What a week it has been.

Without boring you with the government background or my personal opinion on whether or not I think the moves this Government is making are right or wrong, what you need to know is that this past week my home department (along with many others) announced the implications of the overall recent budget cuts which includes staffing implications for many employees.

While I should be jumping for joy at the personal outcome for me, I am finding it challenging to hold back tears for so many reasons. To put it clearly, I was deemed 'not affected' by this week's staffing implications and this came as a HUGE relief to me. I feel as though some-how, some-way I dodged a very big bullet and I have take a moment to appreciate that and to thank my lucky stars for what this means to me and my family.

My job is stable, and appears to be for the foreseeable future, however, many of my close colleagues and personal friends are affected and now must go through a selection for retention and lay-off process to determine whether they can retain a position in the department or be declared surplus.

As I've mentioned briefly in the past, since returning to work after my maternity leave, I have been tasked with working on some of the communications activities surrounding the deficit reduction action plan. It has been a draining file... interesting and challenging, but also morally exhausting when your preparing products that will tell people (potentially yourself) they are at risk of losing their indeterminate position.

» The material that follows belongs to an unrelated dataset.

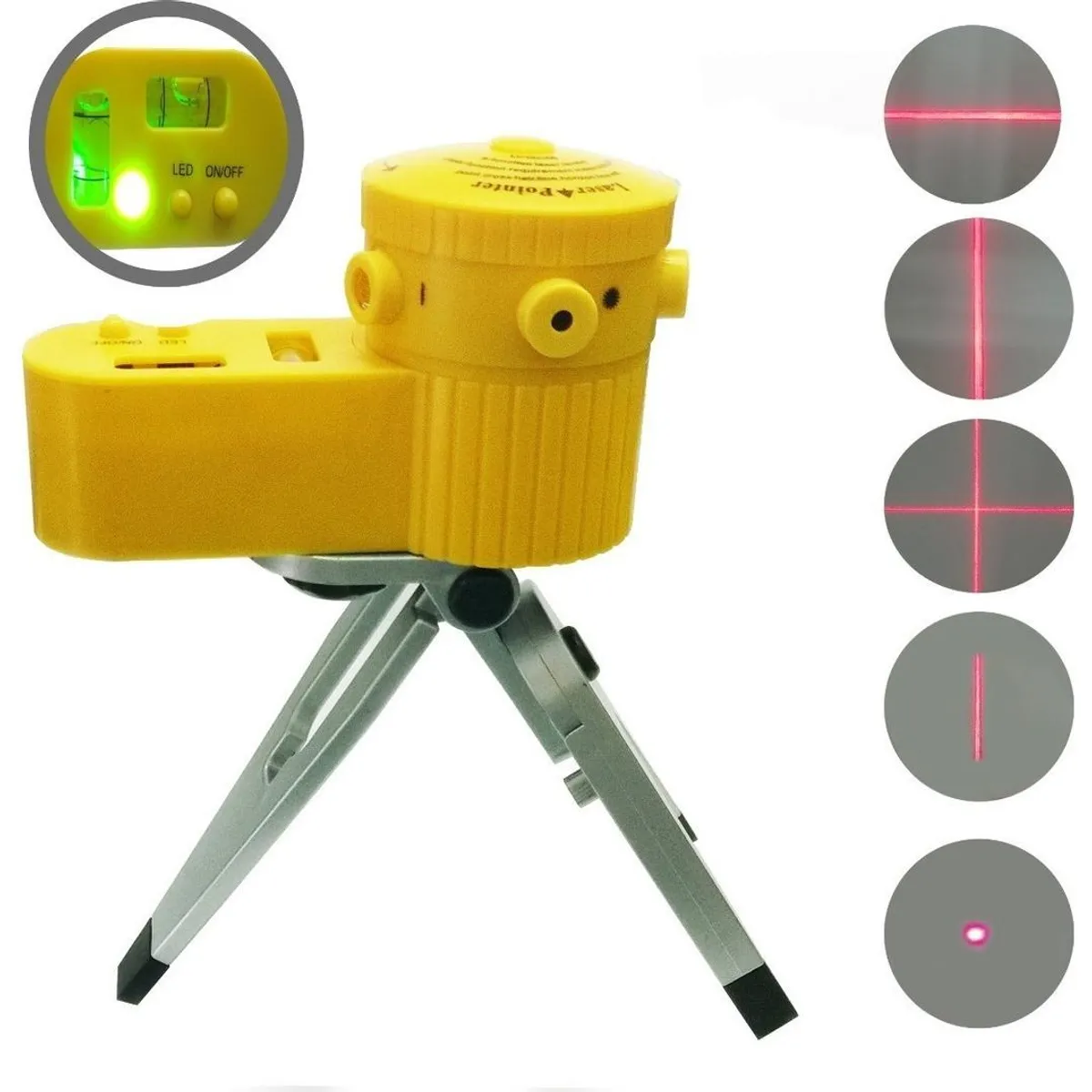 GENERICO - Nivel Láser Multifuncional 5 Líneas con Trípode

I knew the day was coming when the cuts would have to be announced, and not knowing my own fate created a world of stress that I had underestimated.  Upon learning that my position was not affected, I actually broke down in tears... because I was in shock of hearing the news, but also because I knew that my safety meant someone else was at risk of losing their position.

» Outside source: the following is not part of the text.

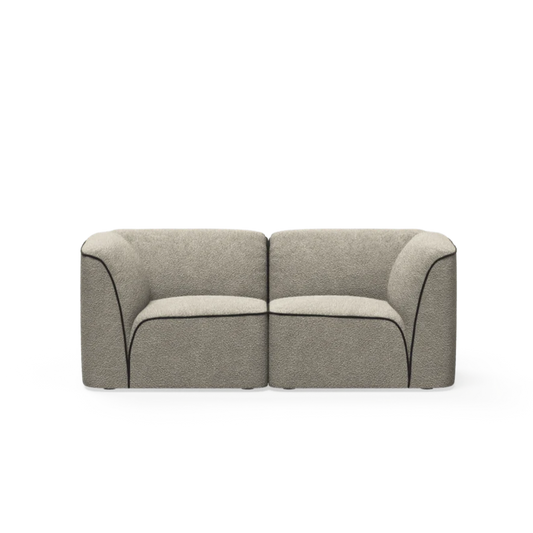 Woud Flora 2-Seater - Natural Bouclé - 651503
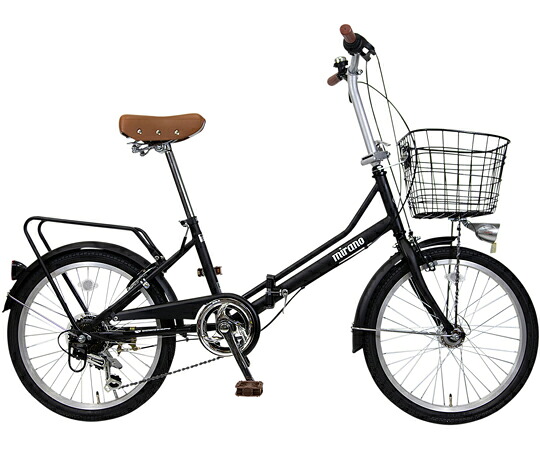 東部 防災サイクル　20型ノンパンクフル装備付折り畳み自転車　マットブラック 1台 TZ-206HD-TC-BK【大型商品の為代引不可】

Last night the overload of stress caught up with me by way of a massive headache that felt crippling. It almost underlined for me everything I had been feeling all week. 

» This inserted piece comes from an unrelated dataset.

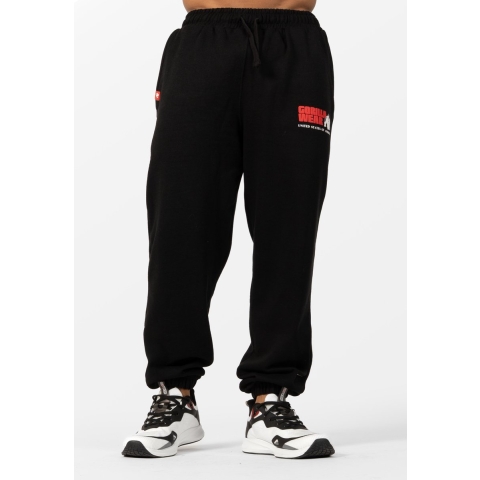 Gorilla Wear Classic Oversized Sweatpants - Zwart - 4XL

Working in an environment that has affected and non-affected people in the same group is challenging. It immediately creates a division between colleagues, and a segregation that you try not to acknowledge, yet it is there.  Undergoing changes like these also drives workplace moral into the ground. I know personally I have hard time focusing on my day to day tasks when something like this is happening to my colleagues, and I am not the one who has to actually think about the next steps in the process. I can only imagine what this news has done to them and their personal lives. It is paralyzing in so many ways - and while I tell myself the good ones will make it through these retention processes, I know that some of them will not, because the exercise is designed to realize savings through the elimination of positions regardless of the individuals who hold those positions.

Its a mathematical equation that determines who is affected and who isn't, but it feels personal on so many levels. Those who are affected are feeling like somehow their work is inadequate, or their commitment to their position is in question and those who are unaffected are somehow positioned to look like their work speaks for itself.  The truth of the matter is that some people who were unaffected by the cuts don't have the best performance records or half the commitment level of many of those individual who are affected (not in all cases, but in some).  When you put all of these factors together you have a lot of people questioning the commitment of the department to employees in general when really, it appears they are just a number or box being moved around on an org chart rather than a person with skills and abilities and a dedication to the department's mission, vision, and overall values.  I know that is not the intent of the exercise, but that is the reality from my perspective.

This last week has presented so many questions for what the future will hold, and many of them I still don't have answers for. I have had a very heavy heart over all of this, and while I am not deemed 'affected' this has, in so many ways, affected my professional and personal life.

I will take each day as it comes but I will not for a moment forget this experience or how it has impacted me on so many levels.